AVAILABLE DATA:
-=-=-

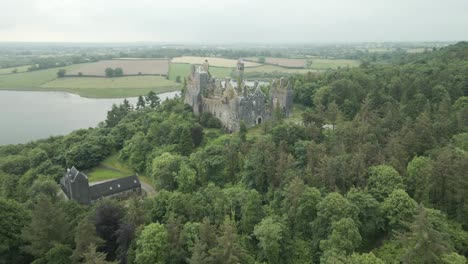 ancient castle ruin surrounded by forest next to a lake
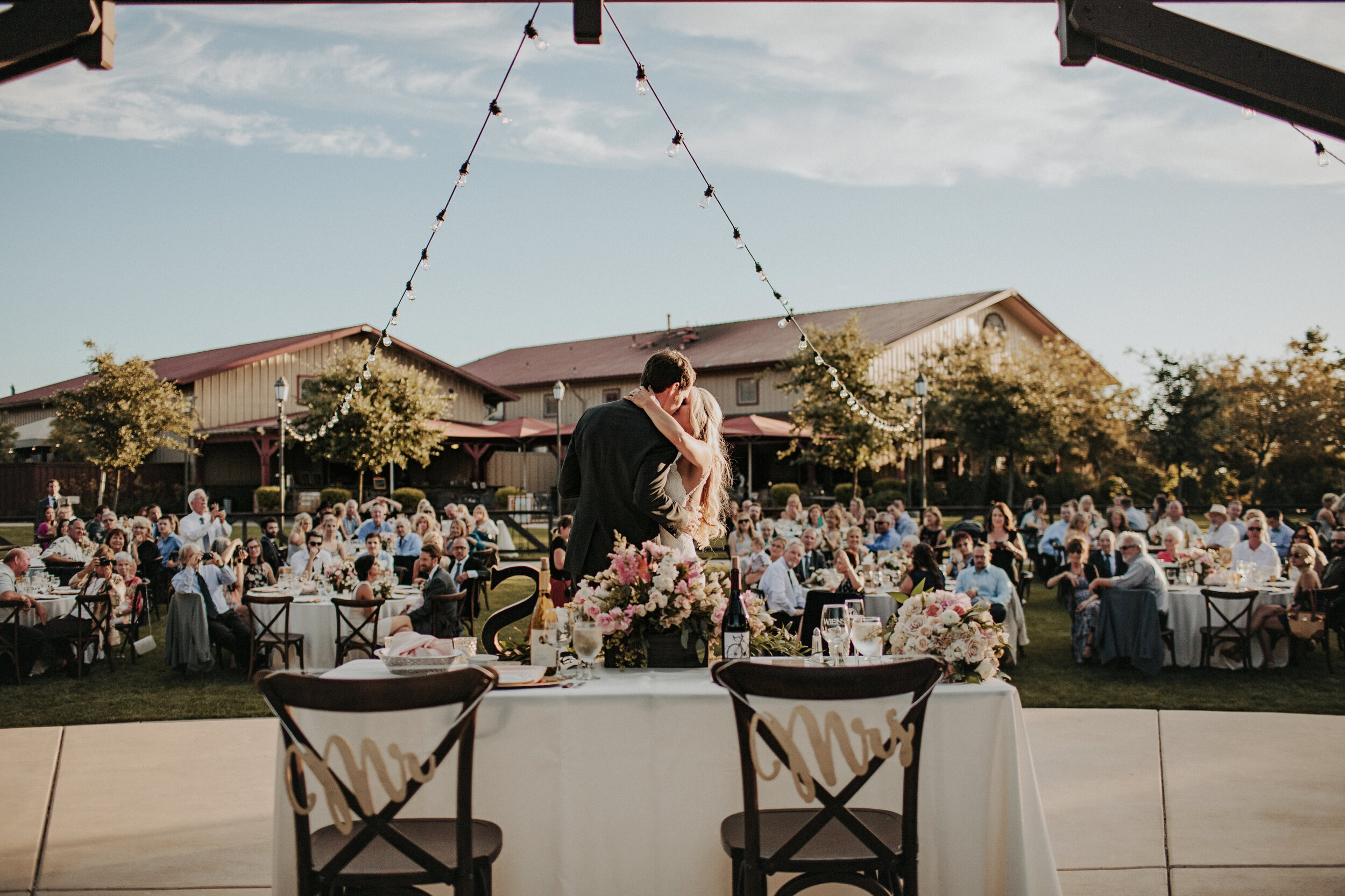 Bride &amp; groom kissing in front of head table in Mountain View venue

-=-=-

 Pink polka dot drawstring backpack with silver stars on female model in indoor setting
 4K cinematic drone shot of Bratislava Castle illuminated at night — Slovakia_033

-=-=-

YOUR OBJECTIVE:
From the material above, reproduce only what runs from the line holding "ancient castle ruin" down to the line holding "Bride &amp; groom", both included, pictures excluded.

REPLY TO THE EXERCISE:
 ancient castle ruin surrounded by forest next to a lake
 Bride &amp; groom kissing in front of head table in Mountain View venue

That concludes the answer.